[sheepdog] [PATCH] sheep: remove master node

Sun Jul 14 08:25:12 CEST 2013

On Sun, Jul 14, 2013 at 12:08:46AM +0900, MORITA Kazutaka wrote:
> From: MORITA Kazutaka <morita.kazutaka at lab.ntt.co.jp>
> 
> The current procedure to handle sheep join is as follows.
> 
>  1. The joining node sends a join request.
>  2. The master node accepts the request.
>  3. All the nodes update cluster members.
> 
> This procedure has some problems:
> 
>  - The master election is too complex to maintain.
>    It is very difficult to make sure that the implementation is
>    correct.
> 
>  - The master node can fail while it is accepting the joining node.
>    The newly elected master has to take over the process, but it's
>    usually difficult to implement because we have to know what the
>    previous master did and what it did not before its failure.
> 
> This patch changes the sheep join procedure to the following.
> 
>  1. The joining node sends a join request.
>  2. Some of the existing nodes accept the request.

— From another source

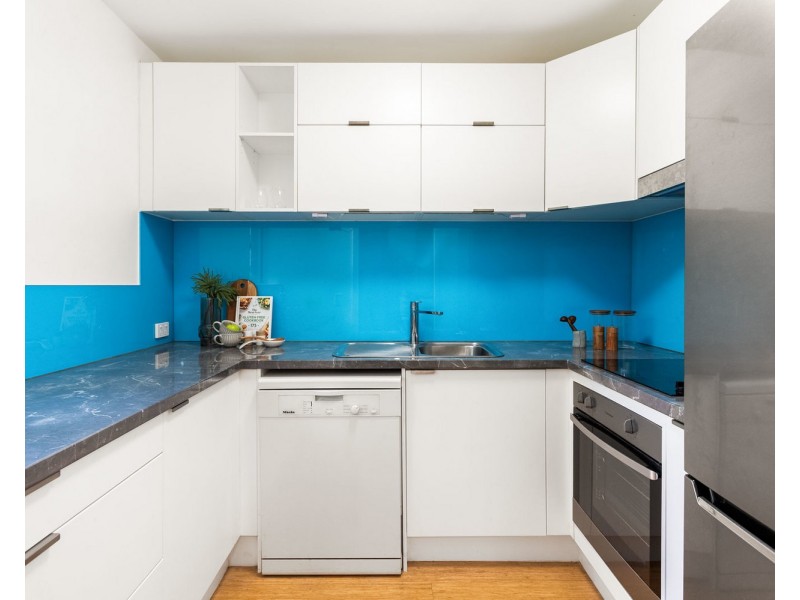 13/80 O’Shanassy Street, North Melbourne VIC 3051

Seems that all the nodes in the cluster accept the request, no?

>  3. All the nodes update cluster members.
> 
> It is allowed for the multiple nodes to call sd_accept_handler()
> against the same join request, but at least one node must have to do
> it.  With this change, we can eliminate a master, and node failure
> while accepting node join is also allowed.
> 

Why sd_accept_handler is reentrant in cluster aspect? I noticed that, e.g,
push_join_response() of zk driver are called on all the nodes too. So if
following case happens, can sheep handle it?

2 nodes in the cluster {A, B}. And C is joining the cluster.

A -> push_join_response() and quickly return, watcher of A, B, C is called
     to handle EVENT_ACCEPT from A.
B -> push_join_response() slowly return because of network, A, B, C handles
     EVENT_ACCEPT from B.

Simply put, can sheep hanle multiple EVENT_ACCEPT of the same node?

Thanks
Yuan